(DATASET RECORDS)

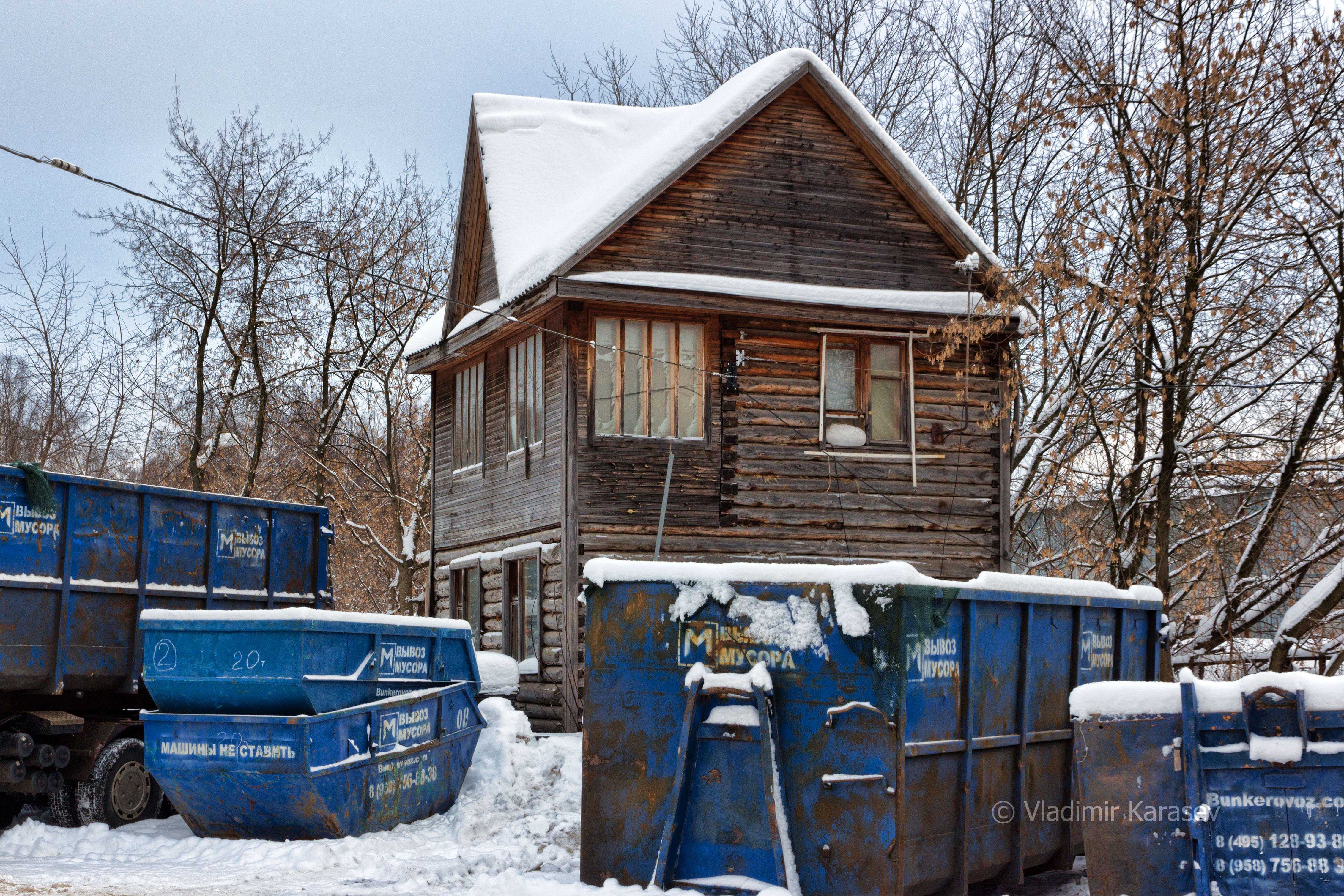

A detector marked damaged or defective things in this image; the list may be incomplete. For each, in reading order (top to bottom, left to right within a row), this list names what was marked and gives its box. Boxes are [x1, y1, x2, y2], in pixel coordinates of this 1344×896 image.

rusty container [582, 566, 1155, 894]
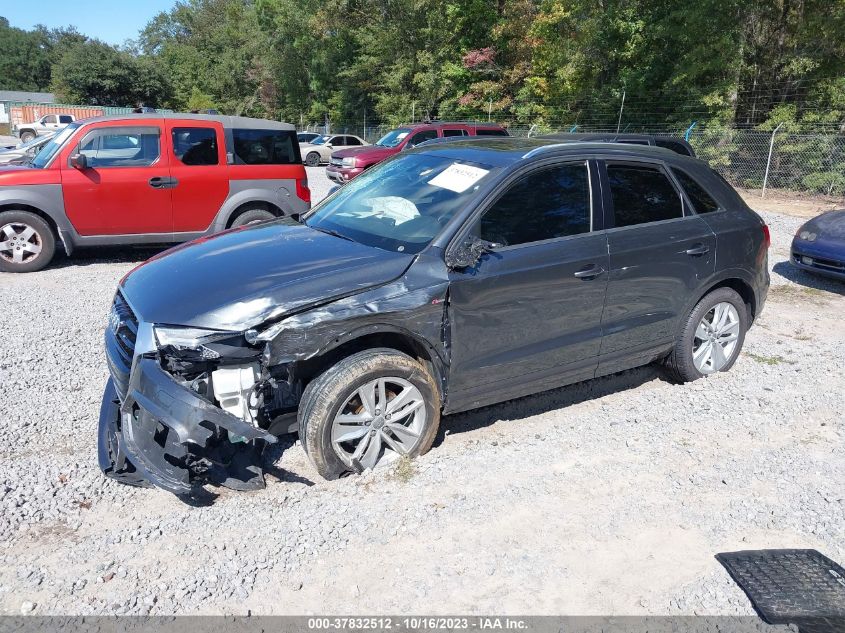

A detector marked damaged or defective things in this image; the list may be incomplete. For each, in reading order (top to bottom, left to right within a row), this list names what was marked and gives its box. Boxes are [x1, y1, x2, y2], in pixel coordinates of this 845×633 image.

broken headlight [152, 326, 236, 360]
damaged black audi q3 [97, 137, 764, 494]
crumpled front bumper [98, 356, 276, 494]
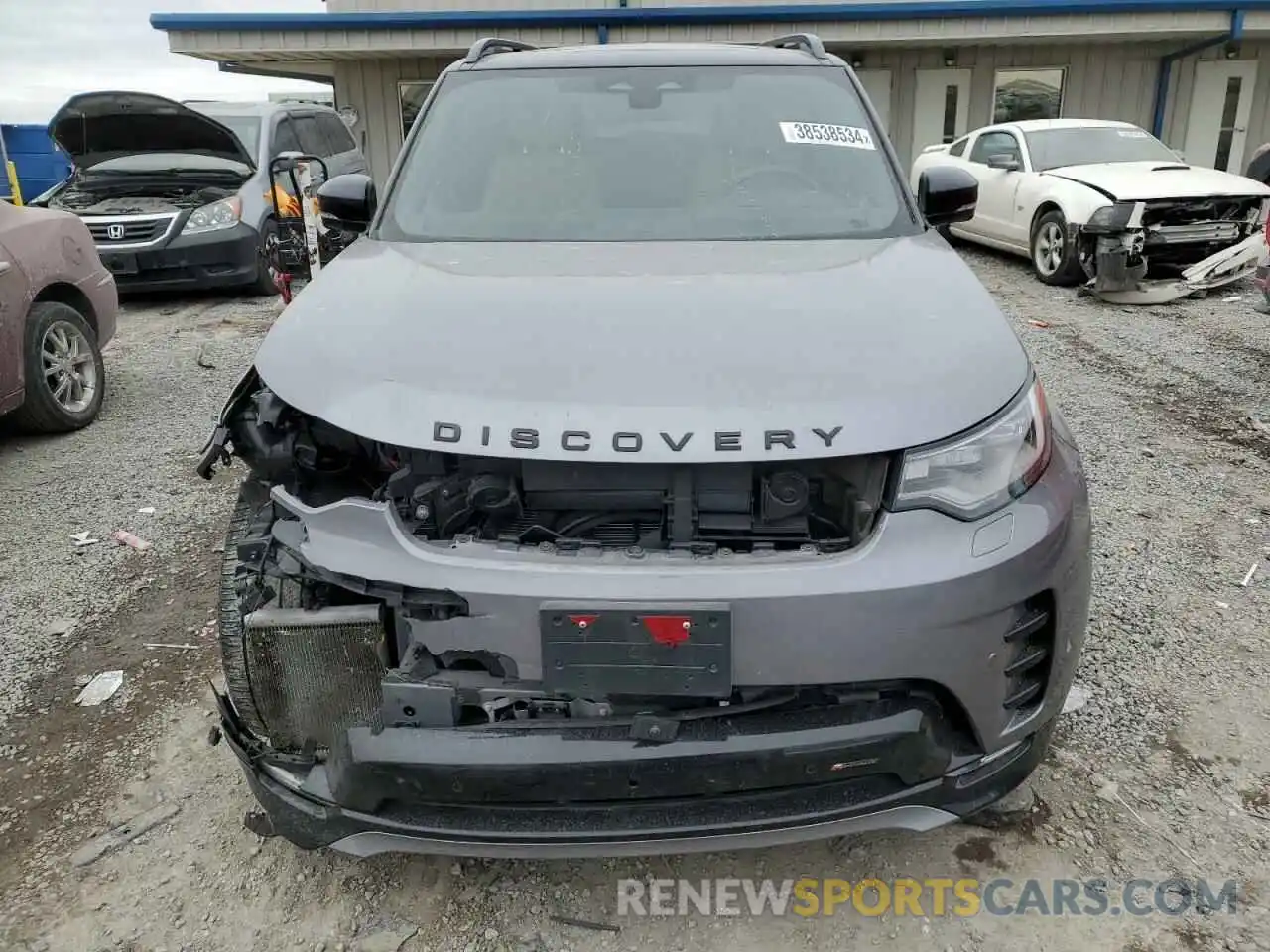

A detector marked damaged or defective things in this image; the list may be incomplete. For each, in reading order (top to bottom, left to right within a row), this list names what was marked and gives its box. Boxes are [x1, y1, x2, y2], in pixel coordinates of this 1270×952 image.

(End DATASET RECORDS)

• [HOW TO COMPLETE THIS TASK] Render the records above word for word and leave the pictures out.

• [RESULT FOR THIS EXERCISE]
A detector marked damaged or defective things in this image; the list may be incomplete. For each, in reading order (top to bottom, left to right within a row), this list names what was marked and gives its box. Boxes are [x1, y1, x2, y2], in pixel coordinates of this 1344×896 image.

rusty container [582, 566, 1155, 894]

A detector marked damaged or defective things in this image; the list may be incomplete. For each, in reading order (top to bottom, left to right within a row), this list names what was marked and gives its box. Boxes are [x1, y1, x2, y2], in pixel coordinates of this 845×633 image.

broken headlight [152, 326, 236, 360]
damaged black audi q3 [97, 137, 764, 494]
crumpled front bumper [98, 356, 276, 494]

A detector marked damaged or defective things in this image; the list may be incomplete. For each, in reading order (top to bottom, left to right within a row), this list names what was marked and gives its box. Boxes are [x1, y1, x2, y2], in pixel coordinates of this 1270×952 image.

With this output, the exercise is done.